Reid told MedPage Today that the plan requires engaging stakeholders across different sectors, and that “new and innovative ways” of financing the fight against TB are needed.

“That involves … emphasizing the importance of global accountability and recognizing that TB survivors and their advocates are an essential constituency that we can’t neglect and must include in all policy-related decisions,” he said. “In order to end TB, we need to create that enabling environment that will drive down incidence and mortality.”

Reid disclosed no relevant relationships with industry. Co-authors disclosed support from Merck, Otsuka, the NIH, the CDC, the Gilead Foundation, the U.S. Agency for International Development (USAID), the Wellcome Trust, the South Africa National Research Foundation, the UK Medical Research Council, Gilead Sciences, World Bank, UNAIDS, the Rush Foundation, the Bill & Melinda Gates Foundation, New York University, the WHO, the Global Fund to Fight Aids, Tuberculosis and Malaria, the Stop TB Partnership, Unitaid (via Aurum and the Elizabeth Glaser Pediatric AIDS Foundation), the Veterans Administration, Harvard University, the Stony Wold-Herbert Foundation, the National Institute for Allergy and Infectious Diseases, the National Institute of Child Health and Human Development, the University of California San Francisco, San Francisco General Hospital, the Johns Hopkins University Center for AIDS Research, and Johnson & Johnson.

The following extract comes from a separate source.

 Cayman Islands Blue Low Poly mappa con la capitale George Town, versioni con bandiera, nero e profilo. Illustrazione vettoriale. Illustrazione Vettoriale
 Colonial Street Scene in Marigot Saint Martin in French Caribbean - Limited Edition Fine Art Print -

One co-author is a member of the US Adult AIDS Clinical Trials Group Tuberculosis Transformative Study Group of the protocol team of the forthcoming PHOENIx MDR-TB (Protecting Households On Exposure to Newly Diagnosed Index Multidrug-Resistant Tuberculosis Patients) trial, of the Scientific Advisory Board of the John Hopkins University Center for AIDS Research, and of the PEPFAR Scientific Advisory Board of the Office of the Global AIDS Coordinator.

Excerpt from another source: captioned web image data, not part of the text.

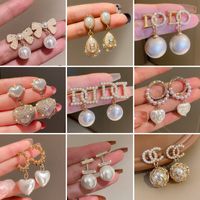 1 Pair Retro Letter Copper Inlay Artificial Pearls Drop Earrings main image 1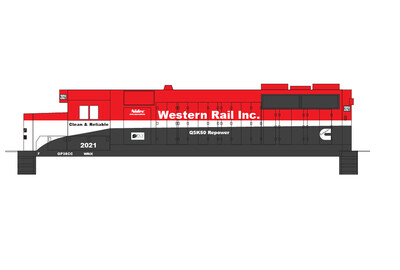 N Scale - Western Rail Inc Cummins GP38CC Locomotive Decals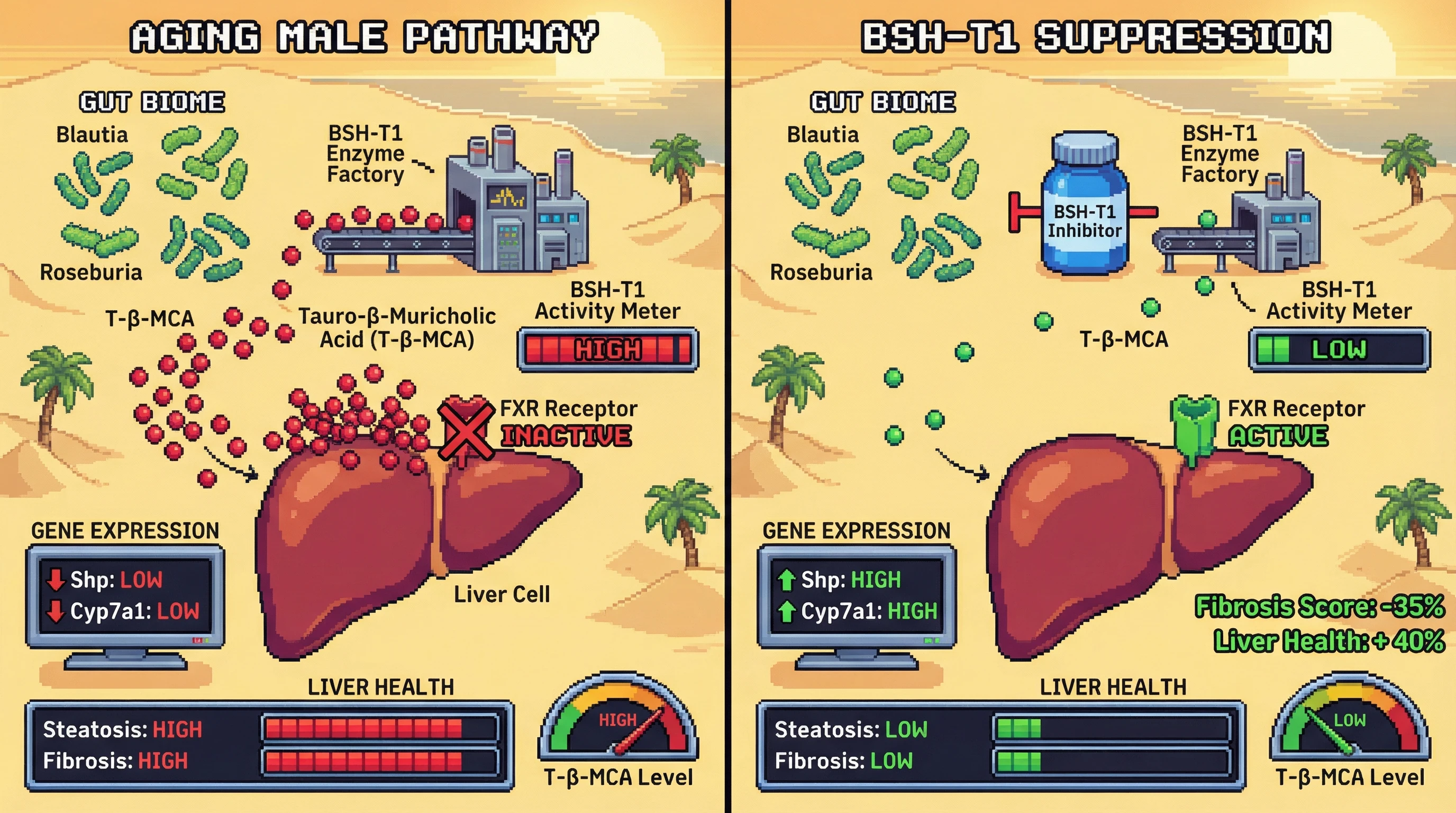 Infographic for: Sex‑Specific BSH‑T1 Overexpression Drives Hepatic FXR Antagonism via Tauro‑β‑Muricholic Acid Accumulation in Aging Males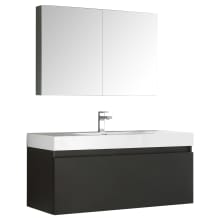 Senza 47-3/10" Wall Mounted / Floating Vanity Set with MDF Cabinet, Acrylic Top, Drop In Sink, Medicine Cabinet, and Single Hole Faucet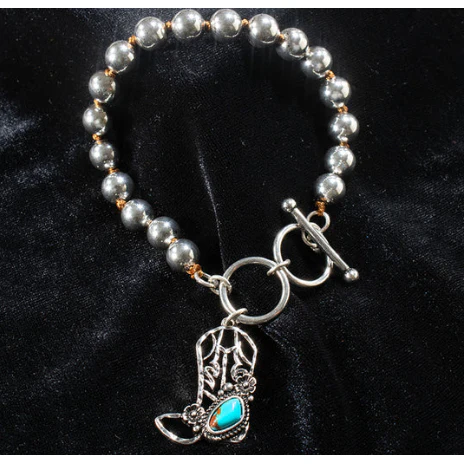 Silver Strike Cowboy Boot Bracelet- Turquoise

One co-author is a member of the British Parliament and co-chair of the Global TB Caucus. One co-author is a member of the WHO’s Strategic and Technical Advisory Group for Tuberculosis Committee, the Access Advisory Committee of TB Alliance, and the Scientific Advisory Committee of FIND. One co-author disclosed a patent. One co-author is a senior associate of Linksbridge, which provides consulting services to the Bill & Melinda Gates Foundation.

Zuccala is senior editor and Horton is editor-in-chief of The Lancet.